WHAT THE TASK ASKS: First find the line with "CAT D8N O-rops cab Kabīnes un interjers", then reproduce it and all following lines of the data to the end, exactly and with no pictures, adding nothing.

── DATA FOR THE TASK

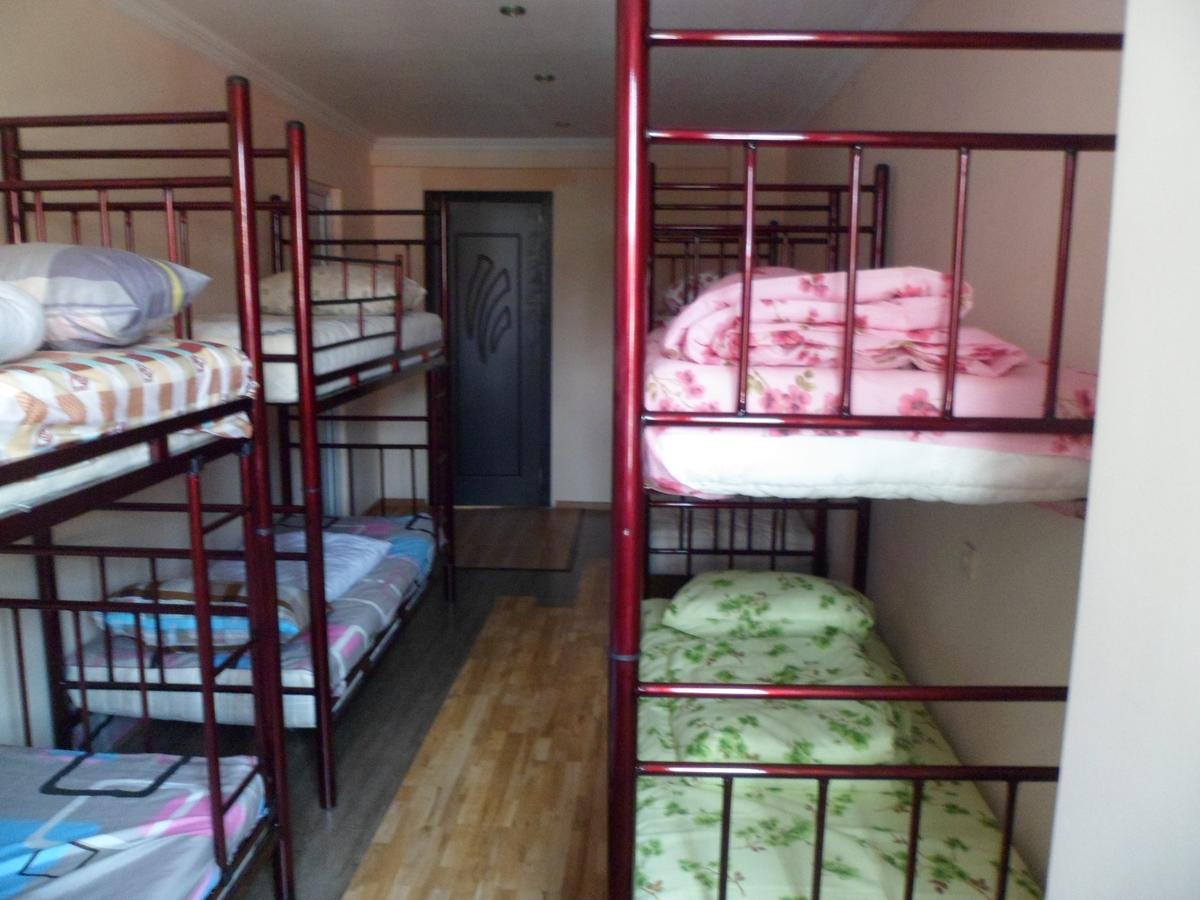 Everyday Cat Hostel บาทูมิ ภายนอก รูปภาพ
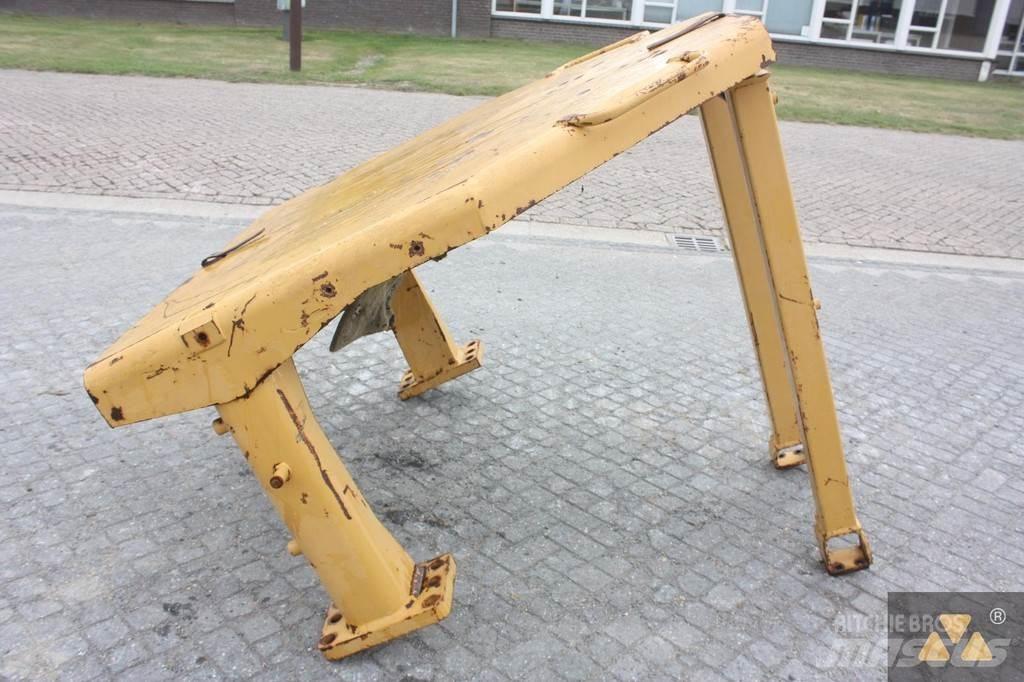 CAT D8N O-rops cab Kabīnes un interjers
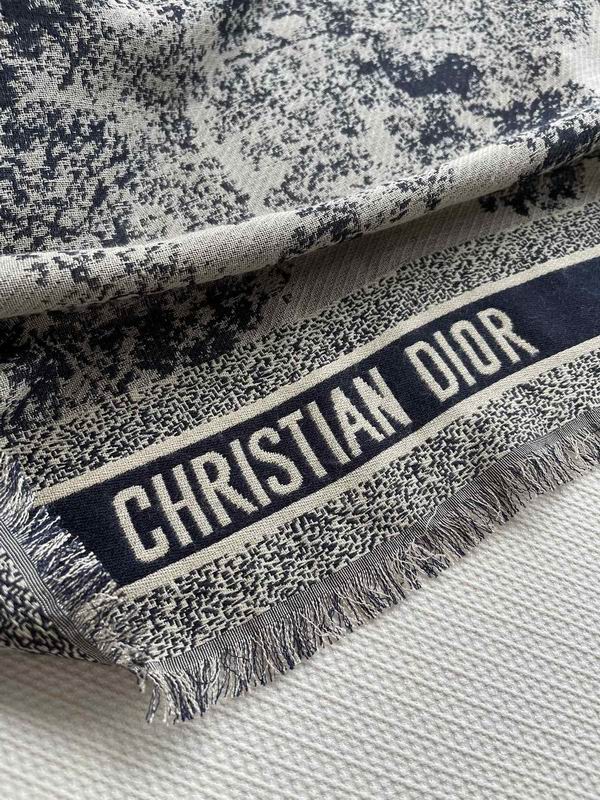 Dior 140X140cm 42%真丝42%羊毛16%棉 E (14)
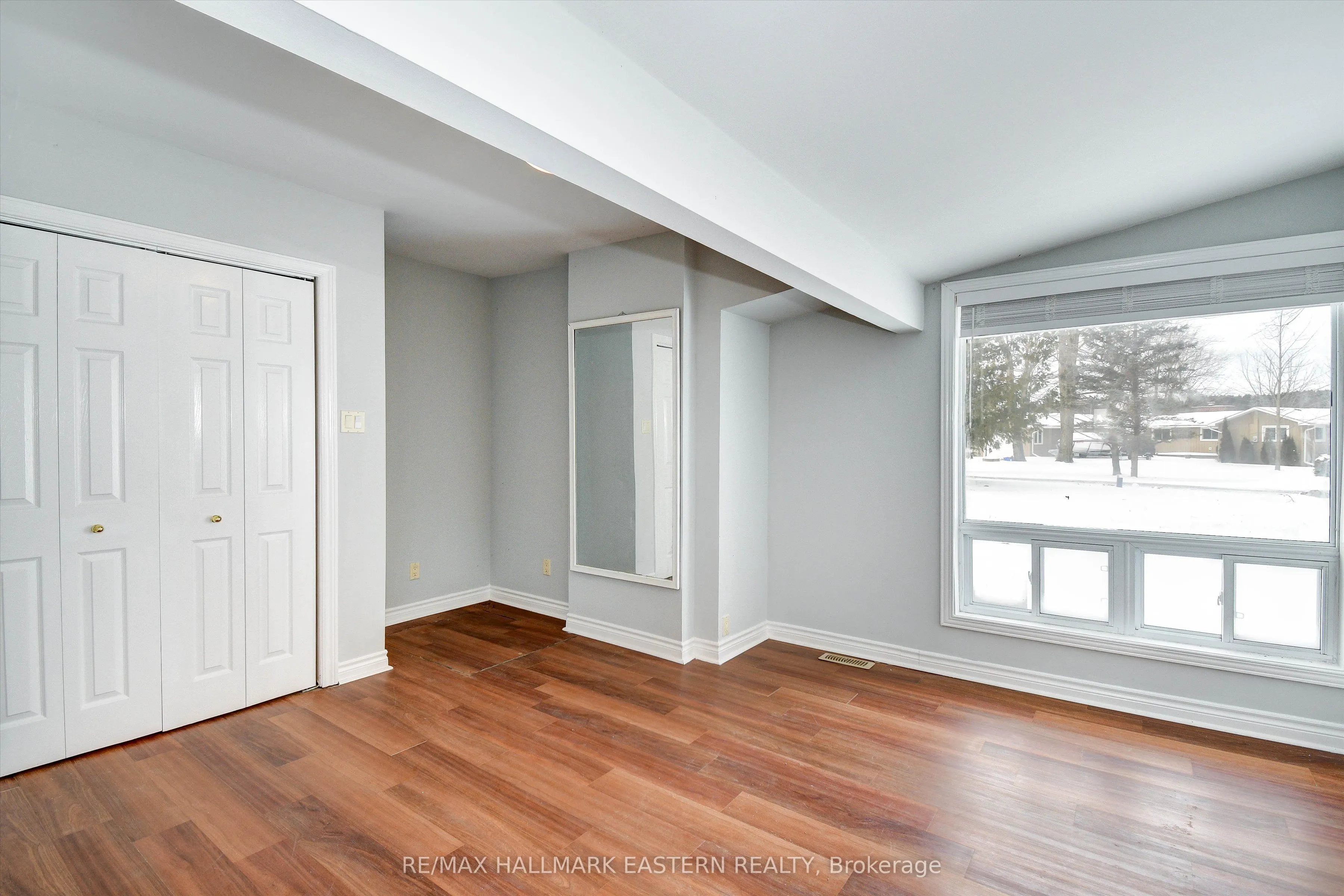 30 Edgewater Drive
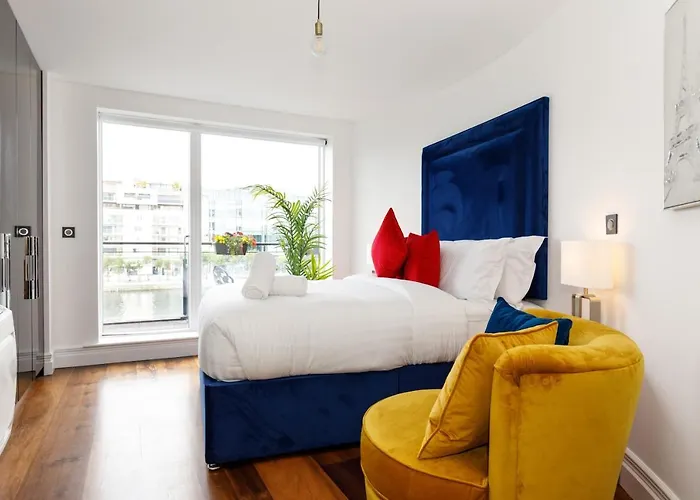 アパート The Curve, Millennium Tower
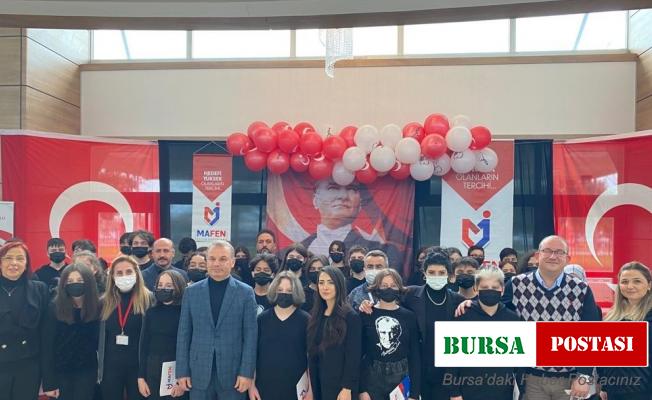 Samsun’da sağlık çalışanları öğrencilerle birlikte Çanakkale Zaferi’ni kutladı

────

ANSWER AREA:
 CAT D8N O-rops cab Kabīnes un interjers
 Dior 140X140cm 42%真丝42%羊毛16%棉 E (14)
 30 Edgewater Drive
 アパート The Curve, Millennium Tower
 Samsun’da sağlık çalışanları öğrencilerle birlikte Çanakkale Zaferi’ni kutladı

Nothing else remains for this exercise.